Since we use the data slice twice in the code below, it’s convenient to store it in a variable.

channel = 'Oz'
start_time = 1.0    # in seconds
end_time = 1.1

# Get the data from channel Oz, from 1000 - 1100 ms
data = raw.get_data(picks=chan, tmin=start_time, tmax=end_time).T

# Get the time values
times = np.linspace(start_time, end_time, num=data.shape[0])

# Plot the data
fig, ax = plt.subplots(figsize=[15, 5])
ax.plot(times, data, color='black')

# Label the axes
plt.xlabel('Time (s)')
plt.ylabel('Voltage (uV)')
Text(0, 0.5, 'Voltage (uV)')
../_images/79a7b12f9e44aabaf7f345b3b15e1cf8f97deeee9b9d3d2e9501fb78d1f35e8d.png

Summary#

  • MNE can load raw EEG data from standard file formats, and stores the data in a Raw object.

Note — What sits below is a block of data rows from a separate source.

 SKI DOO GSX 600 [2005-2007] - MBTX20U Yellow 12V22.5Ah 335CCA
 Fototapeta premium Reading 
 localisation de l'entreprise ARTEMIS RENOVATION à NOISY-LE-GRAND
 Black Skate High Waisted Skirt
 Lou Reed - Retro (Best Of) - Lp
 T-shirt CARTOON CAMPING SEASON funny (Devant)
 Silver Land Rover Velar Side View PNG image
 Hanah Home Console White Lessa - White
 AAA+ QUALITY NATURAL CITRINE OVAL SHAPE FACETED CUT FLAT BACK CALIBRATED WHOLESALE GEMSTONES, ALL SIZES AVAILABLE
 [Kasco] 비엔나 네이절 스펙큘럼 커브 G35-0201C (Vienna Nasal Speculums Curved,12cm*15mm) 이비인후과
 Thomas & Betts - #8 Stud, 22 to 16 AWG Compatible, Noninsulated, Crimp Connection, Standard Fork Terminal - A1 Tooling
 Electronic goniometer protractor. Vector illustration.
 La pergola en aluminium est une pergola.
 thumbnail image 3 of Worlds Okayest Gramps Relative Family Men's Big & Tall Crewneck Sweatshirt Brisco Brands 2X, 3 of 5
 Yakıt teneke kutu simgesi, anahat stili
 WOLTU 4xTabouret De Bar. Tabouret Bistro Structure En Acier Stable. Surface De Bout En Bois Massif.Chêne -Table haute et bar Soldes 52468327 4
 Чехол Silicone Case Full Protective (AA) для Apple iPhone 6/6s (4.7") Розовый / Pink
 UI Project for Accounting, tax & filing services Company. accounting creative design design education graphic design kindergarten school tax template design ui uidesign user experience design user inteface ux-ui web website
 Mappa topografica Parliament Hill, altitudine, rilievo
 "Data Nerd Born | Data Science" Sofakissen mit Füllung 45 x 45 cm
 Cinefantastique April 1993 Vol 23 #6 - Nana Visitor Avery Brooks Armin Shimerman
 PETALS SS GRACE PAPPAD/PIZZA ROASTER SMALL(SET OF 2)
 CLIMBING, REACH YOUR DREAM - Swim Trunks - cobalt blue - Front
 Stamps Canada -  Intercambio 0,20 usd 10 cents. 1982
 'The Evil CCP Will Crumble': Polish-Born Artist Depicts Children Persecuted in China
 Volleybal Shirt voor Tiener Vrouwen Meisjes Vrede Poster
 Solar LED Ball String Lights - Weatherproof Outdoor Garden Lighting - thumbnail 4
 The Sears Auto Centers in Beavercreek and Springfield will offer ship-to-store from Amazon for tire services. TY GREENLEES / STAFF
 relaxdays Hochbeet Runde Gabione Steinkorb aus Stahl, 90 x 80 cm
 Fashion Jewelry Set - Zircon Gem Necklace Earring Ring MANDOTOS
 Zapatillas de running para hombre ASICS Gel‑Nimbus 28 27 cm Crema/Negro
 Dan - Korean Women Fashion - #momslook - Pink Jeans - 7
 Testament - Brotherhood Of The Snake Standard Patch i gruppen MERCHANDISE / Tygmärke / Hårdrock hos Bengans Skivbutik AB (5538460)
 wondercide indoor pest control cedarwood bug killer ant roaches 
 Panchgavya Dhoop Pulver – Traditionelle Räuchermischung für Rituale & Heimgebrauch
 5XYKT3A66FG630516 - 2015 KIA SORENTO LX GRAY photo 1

  • The Raw object contains a lot of information about the data (metadata), but does not load the data into memory by default.

  • The metadata can be accessed using the .info attribute of the Raw object. Many other attribues fo the Raw object are visible using the .__dict__ attribute

  • By default, MNE does not load the data into memory. We can load it either with the preload kwarg when reading the data, or by calling the .load_data() method of the Raw object

  • Since the raw data is stored in a NumPy array, we can access subsets of the data using standard NumPy indexing

  • Likewise, we can use Matpltlib to plot data from the NumPy array. When plotting a 1D NumPy array, we need to transpose it first, using .T

In the next lesson, we will learn how to use MNE’s built-in functions and methods for visualization. These are much more convenient, because they allow you to think of your data in specifically EEG/MNE terms, rather than metnally translating between EEG concepts and NumPy arrays. MNE automatically does thinks like converting samples to time, and taking inputs as challen labels and times in seconds, rather than numerical indexes of NumPy arrays.